TILJ5104 STAT1: Applied Compositional Data Analysis: Multivariate and Functional Approaches (JSS31) (2 cr)
Description
Compositional data can be characterized as multivariate observations carrying relative information, typically expressed in units like proportions, percentages, mg/kg, ppm or mg/l, and they occur in a wide range of applications from natural and social sciences. Compositions are thus primarily data where the relevant information is contained in (log-)ratios between components; this led to development of the logratio methodology which is nowadays commonly considered as the preferred choice for their statistical processing. First aim of the course will be to introduce basic concepts of compositional data analysis including their geometrical properties (compositions are characterized by the so-called Aitchison geometry) and interpretable logratio coordinate representations which enable to use popular multivariate methods for statistical analysis of compositional data sets. Secondly, an important case of compositions are distributional data, resulting usually from aggregation of large streams of data, which can be expressed in terms probability mass function of one or more random variables (factors). The latter case leads for two factors to the so called compositional tables, or in general, to multifactorial compositional data. They can be decomposed orthogonally into independent and interactive parts and for each of them an interpretable coordinate representation is built. Finally, also the functional counterpart to compositional data (distributional data expressed in form of probability density functions) has recently gained increasing attention in the applications. The course will provide an introduction to the analysis of these data using a Functional Data Analysis (FDA) approach, grounded on the perspective of Bayes spaces. These spaces are mathematical spaces whose points are densities, which generalize to the FDA setting the Aitchison geometry for multivariate compositional data. The theoretical parts of the course will be accompanied by examples with real-world data using statistical software R.
Preliminary program:
Day 1: [8 hours]
First block on compositional data analysis (concepts, geometry, log-ratio coordinate representations, exploratory data analysis - 6 x 45 minutes)
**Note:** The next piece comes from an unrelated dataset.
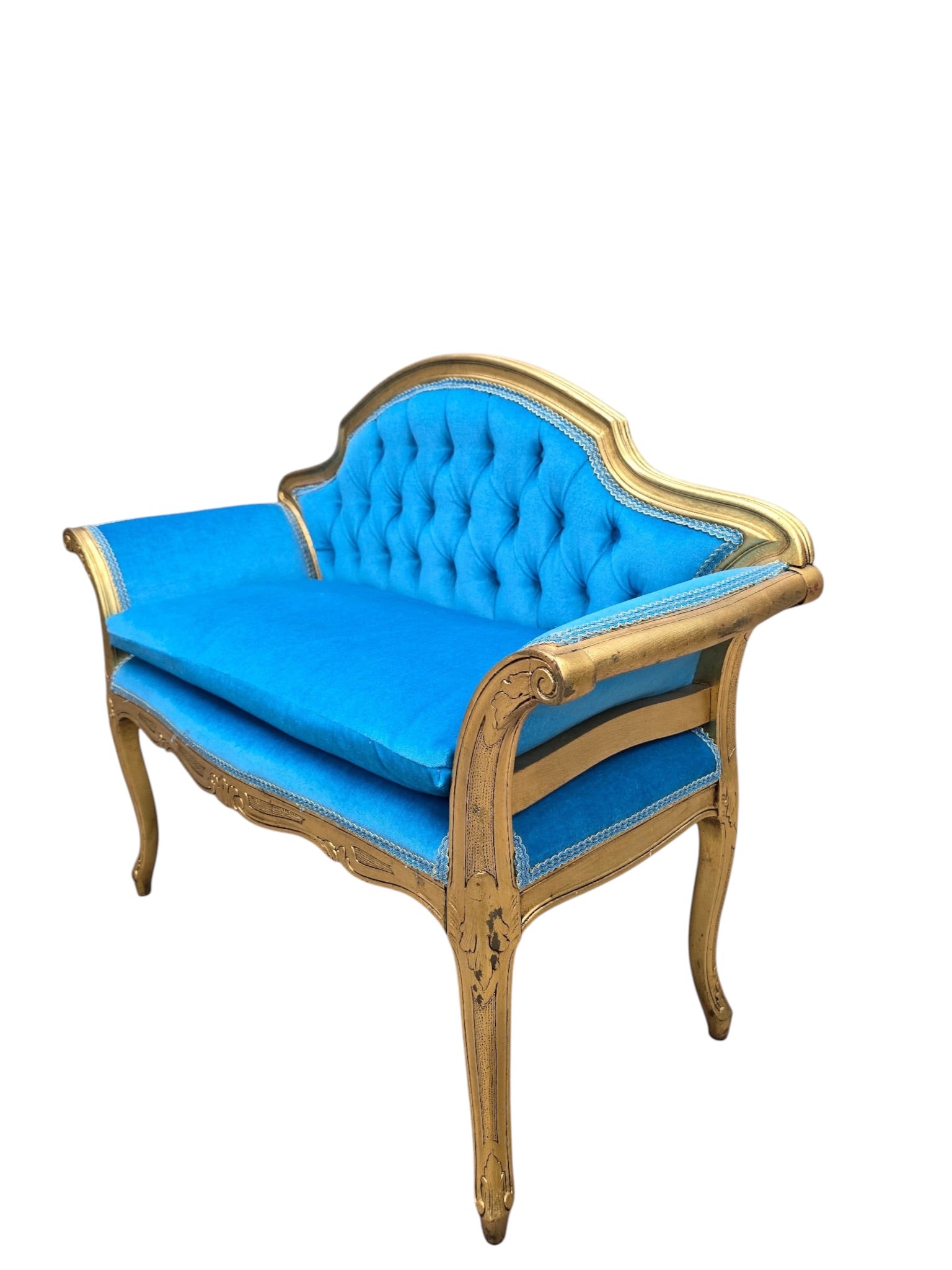 Antique French Tufted Petite Bench Newly Reupholstered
Seminar (exercises in R, discussing own compositional data problems)
Day 2: [8 hours]
Second block on compositional data analysis (popular multivariate methods: principal component analysis, regression, classification; high-dimensional compositions; irregularities - dealing with zeros and missing values - 4 x 45 minutes)
Third block on compositional data analysis (compositional tables, their decomposition and coordinate representation, 2 x 45 minutes)
Seminar (exercises in R, discussing own compositional data problems)
Day 3: [4 hours]
Block on functional data analysis of density functions (concepts of Bayes spaces, exploratory data analysis, principal component analysis - 2x 45 minutes)
Seminar (discussing own compositional data problems and learning outcomes)
Learning outcomes
Students familiarize with the logratio methodology of compositional data analysis so that at the end of the course they will be able to use it for statistical processing of their own data. For this purpose lecture notes and R scripts from the course will be provided.
Description of prerequisites
Although the course will be taught on applied level, the minimum are one semester undergraduate courses in statistics and mathematics. Familiarity with multivariate data analysis and statistical software R will be beneficial; for those who are not working with R instructions for using an alternative ("clickable") software will be provided. Functional data analysis of densities will be taught from scratch, here no prerequisites are needed.
Completion methods
Method 1
Participation in teaching (2 cr)
lectures, exercises and discussions